Kerikil Tajam Target Realistis Pembangunan Rumah Murah

Kompleks perumahan.
Sumber :
  • Rumahku.com
VIVA.co.id - Program rumah murah pemerintah dipertanyakan? Upaya pemerintah dalam memperkecil jarak antara ketersediaan rumah dibandingkan kebutuhan masyarakat ( backlog
) dinilai kurang efektif, bahkan justru akan memperlebar jarak tersebut. 

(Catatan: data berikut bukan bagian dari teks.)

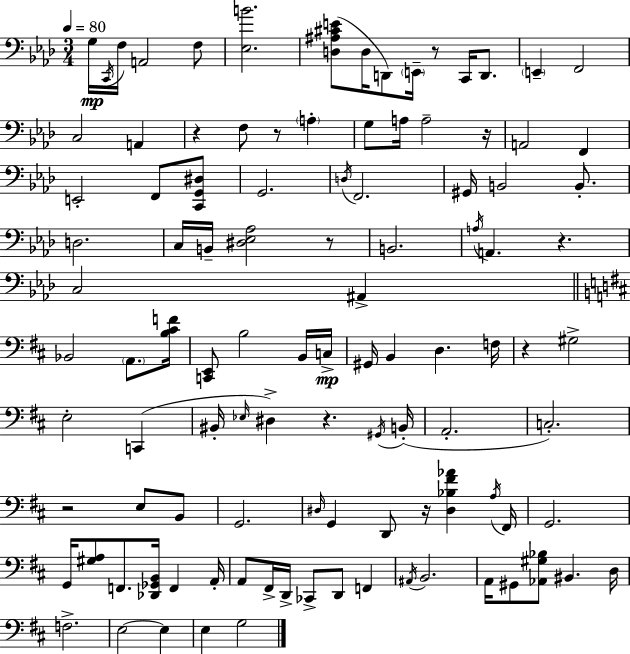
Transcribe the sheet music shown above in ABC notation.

X:1
T:Untitled
M:3/4
L:1/4
K:Fm
G,/4 C,,/4 F,/4 A,,2 F,/2 [_E,B]2 [D,^A,^CE]/2 D,/4 D,,/2 E,,/4 z/2 C,,/4 D,,/2 E,, F,,2 C,2 A,, z F,/2 z/2 A, G,/2 A,/4 A,2 z/4 A,,2 F,, E,,2 F,,/2 [C,,G,,^D,]/2 G,,2 D,/4 F,,2 ^G,,/4 B,,2 B,,/2 D,2 C,/4 B,,/4 [^D,_E,_A,]2 z/2 B,,2 A,/4 A,, z C,2 ^A,, _B,,2 A,,/2 [B,^CF]/4 [C,,E,,]/2 B,2 B,,/4 C,/4 ^G,,/4 B,, D, F,/4 z ^G,2 E,2 C,, ^B,,/4 _E,/4 ^D, z ^G,,/4 B,,/4 A,,2 C,2 z2 E,/2 B,,/2 G,,2 ^D,/4 G,, D,,/2 z/4 [^D,_B,^F_A] A,/4 ^F,,/4 G,,2 G,,/4 [^G,A,]/2 F,,/2 [_D,,_G,,B,,]/4 F,, A,,/4 A,,/2 ^F,,/4 D,,/4 _C,,/2 D,,/2 F,, ^A,,/4 B,,2 A,,/4 ^G,,/2 [_A,,^G,_B,]/2 ^B,, D,/4 F,2 E,2 E, E, G,2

Ketua Umum Asosiasi Pengembang Perumahan dan Pemukiman Seluruh Indonesia (Apersi) Eddy Ganefo, mengatakan hingga kini, rumah murah yang dibangun baru mencapai 78 ribu unit. Bahkan, hingga akhir tahun, diprediksi hanya mampu menyuplai 120 ribu hingga 130 ribu unit, atau kurang dari 25 persennya. 

Padahal, kebutuhan rumah per tahun mencapai 800 ribu unit. Berdasarkan data tersebut, menurutnya, kebutuhan rumah per tahun malah berisiko untuk melebar, atau minus sekitar 670 ribu unit rumah. Artinya, backlog yang saat ini diperkirakan mencapai 15 juta unit rumah, berisiko akan terus bertambah. 

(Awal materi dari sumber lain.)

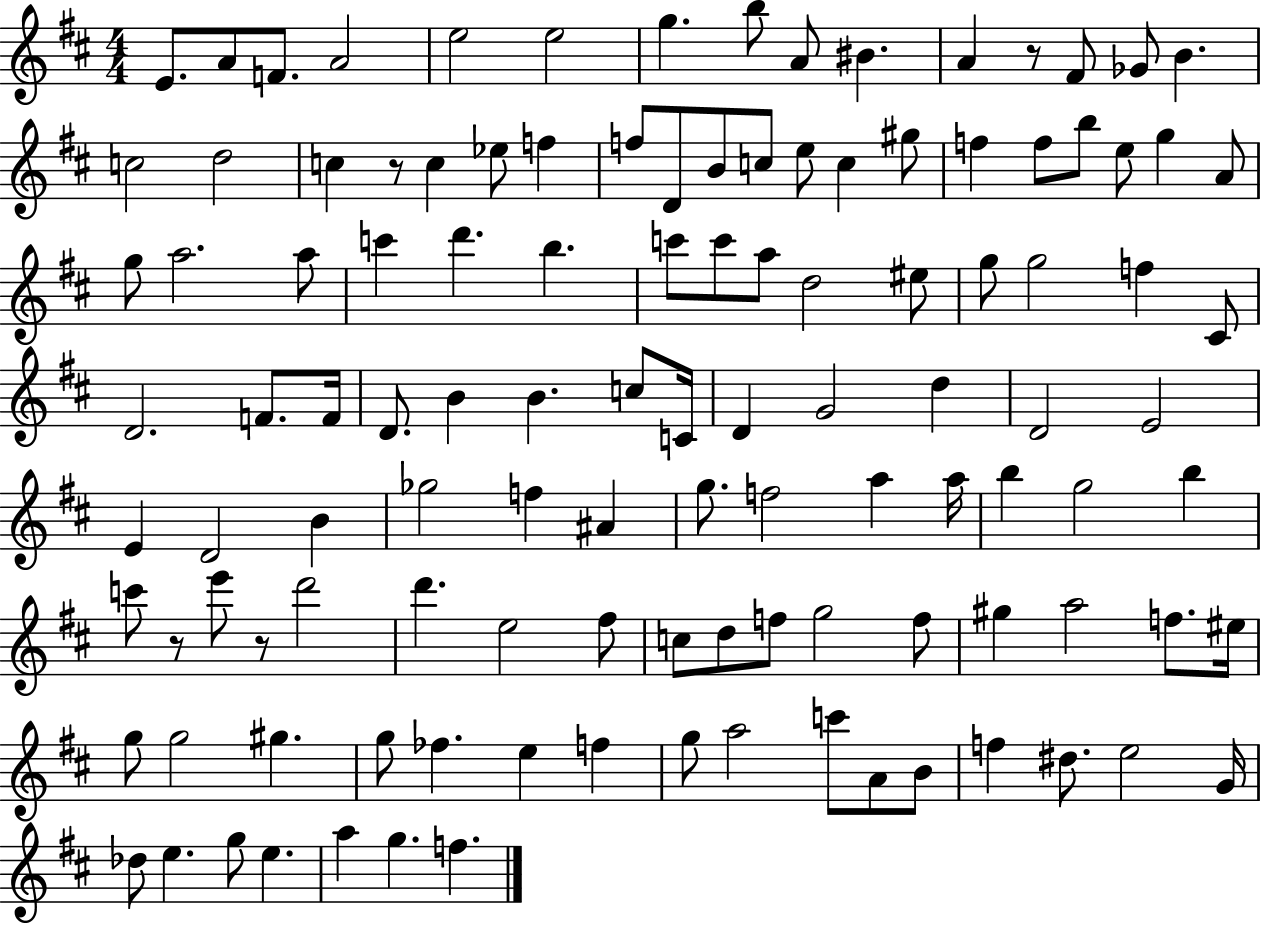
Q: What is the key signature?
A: D major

"Kalau pemerintah konsisten, saya yakin backlog dapat teratasi. Tetapi, yang terjadi sekarang tidak demikian," ujar dia. 

Eddy mengungkapkan, setidaknya ada tiga hal yang membuat pembangunan rumah murah sulit untuk dilakukan. Yaitu, masalah perizinan yang lambat dan ketidakmampuan pemerintah mengontrol harga tanah. Sehingga, saat ini melambung tinggi. Termasuk, untuk kepentingan pembangunan rumah murah. 

Permasalahan lain, menurut dia, adalah mengenai kebijakan PT PLN yang mewajibkan pemasangan listrik minimal 1.300 watt. Padahal, untuk rumah murah tidak perlu listrik sebesar itu, karena 900 watt saja dinilai sudah cukup.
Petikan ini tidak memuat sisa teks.